◆ **Source data**:
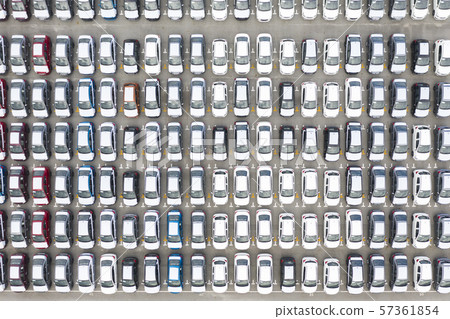 Top view of row new cars in logistic port export terminal 57361854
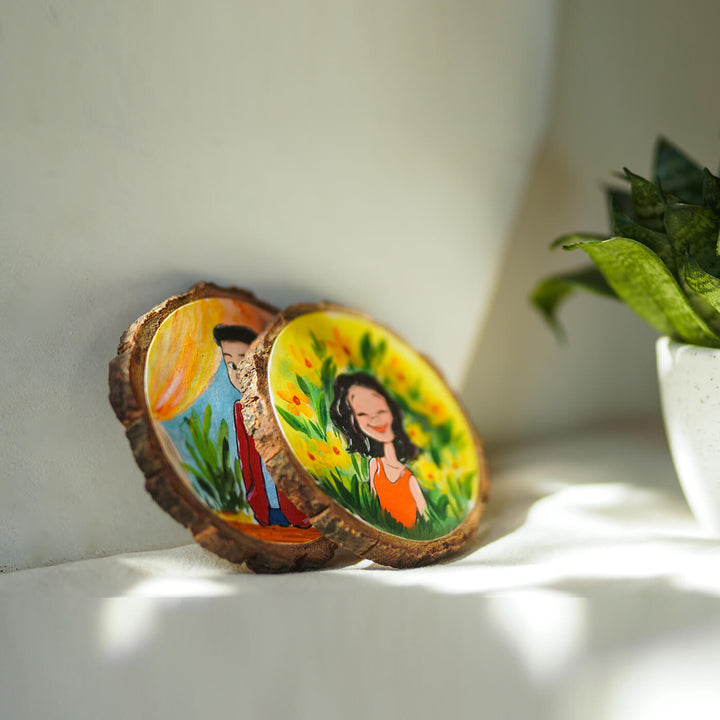 Customisable Hand-painted Character Coasters For Young Couple - Set of 2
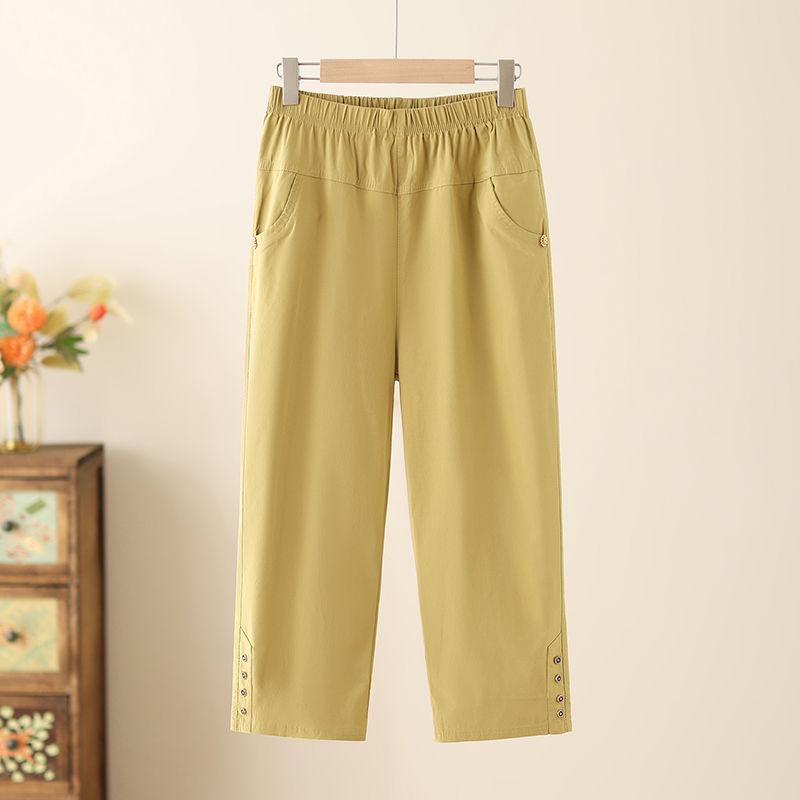 Summer New Cotton Casual Cropped Pants for Women High Waisted Loose Oversized Straight Leg Pants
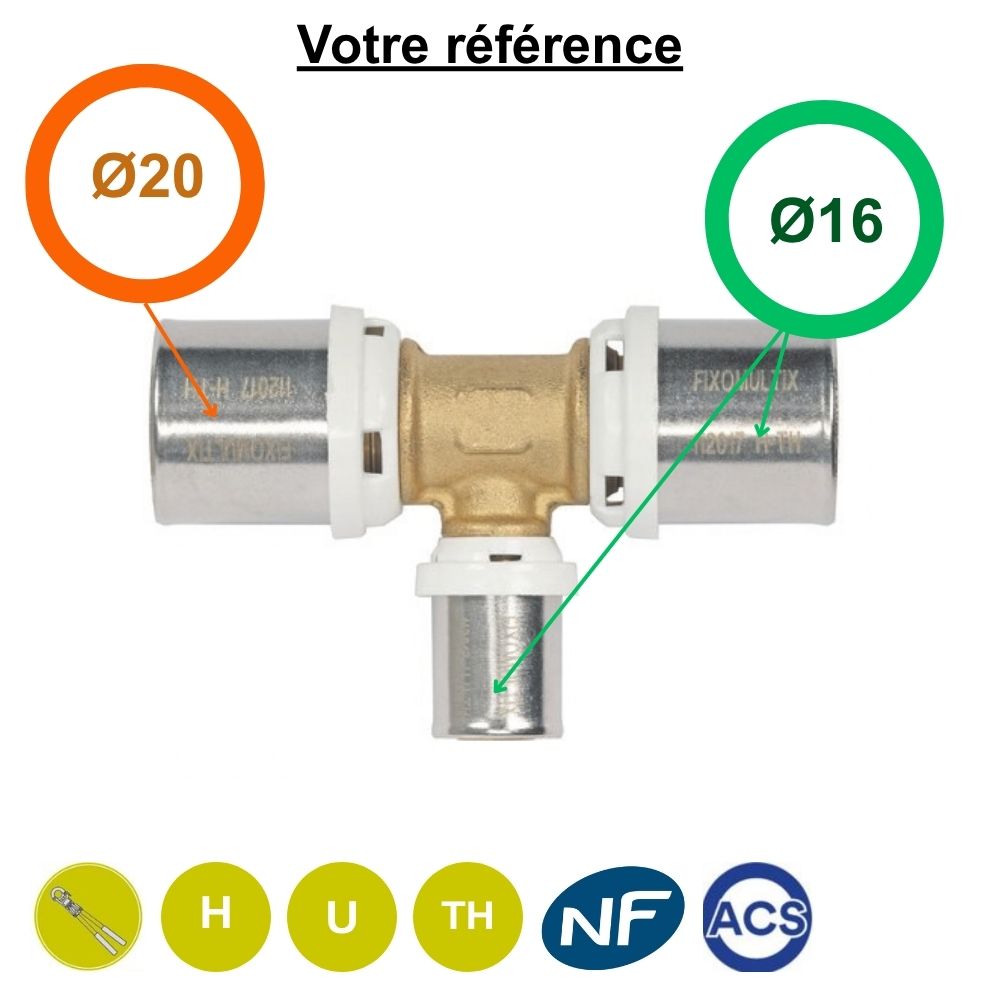Té réduit multicouche à sertir Ø20-Ø16-Ø16 - Somatherm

◆ **Exercise directions**:
Each line of the data above is to be output exactly; the pictures are not to appear.

◆ **Problem solution**:
 Top view of row new cars in logistic port export terminal 57361854
 Customisable Hand-painted Character Coasters For Young Couple - Set of 2
 Summer New Cotton Casual Cropped Pants for Women High Waisted Loose Oversized Straight Leg Pants
Té réduit multicouche à sertir Ø20-Ø16-Ø16 - Somatherm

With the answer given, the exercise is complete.